Stocks sank last week. Monday, 5th August, was not pretty either, with the S&P 500 index sinking 800 points or 3% in just a single trading day. Here are three reasons why.
Interest rate disappointment
As anticipated, the Federal Reserve cut interest rates by 25 basis points at its July policy meeting. However, Fed chairman, Jerome Powell said that investors should not expect it to be the start of a long cycle of rate cutting.
This perhaps disappointed investors who have been shifting money towards stocks in anticipation of a series of rate cuts.
On Wednesday 31 July, after the Fed made its announcement, the S&P 500, Dow Jones Industrial Average and the Nasdaq composite all fell, which suggests that the market could have overreacted to Mr. Powell’s comments.

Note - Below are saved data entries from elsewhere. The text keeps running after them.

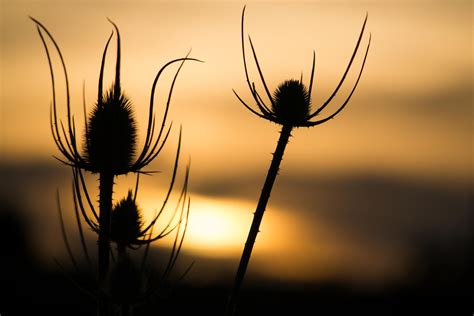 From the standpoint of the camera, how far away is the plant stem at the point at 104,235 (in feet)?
8.66

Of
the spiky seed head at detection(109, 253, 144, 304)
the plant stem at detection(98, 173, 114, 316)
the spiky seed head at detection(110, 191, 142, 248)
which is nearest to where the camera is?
the plant stem at detection(98, 173, 114, 316)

Trump slaps more tariffs on China
On Friday, the 28th of July, Trump announced that the US would impose 10% tariffs on the remainder of US$300 billion worth of Chinese imports starting from September 1.
The trade war is expected to take a few percentage points off of global economic growth. Worryingly, neither party seems willing to back down. Analysts have warned that the trade war has reached a level of seriousness that will be difficult to reverse.
The recently-announced tariffs are on top of the US$250 billion worth of Chinese imports that already have a 25% tariff.
China devalues its currency
In response to Trump’s 10% tariff, China let its currency weakened 1.4% to below the one-to-seven dollar level for the first time in more than a decade.
This prompted the US to label China a “currency manipulator” saying that China’s actions have violated its commitment to refrain from competitive devaluation of its currency as part of the Group of 20 industrialised countries. The devaluing of the Chinese currency knocked US dollars sharply lower and sent gold prices soaring to a six-year high.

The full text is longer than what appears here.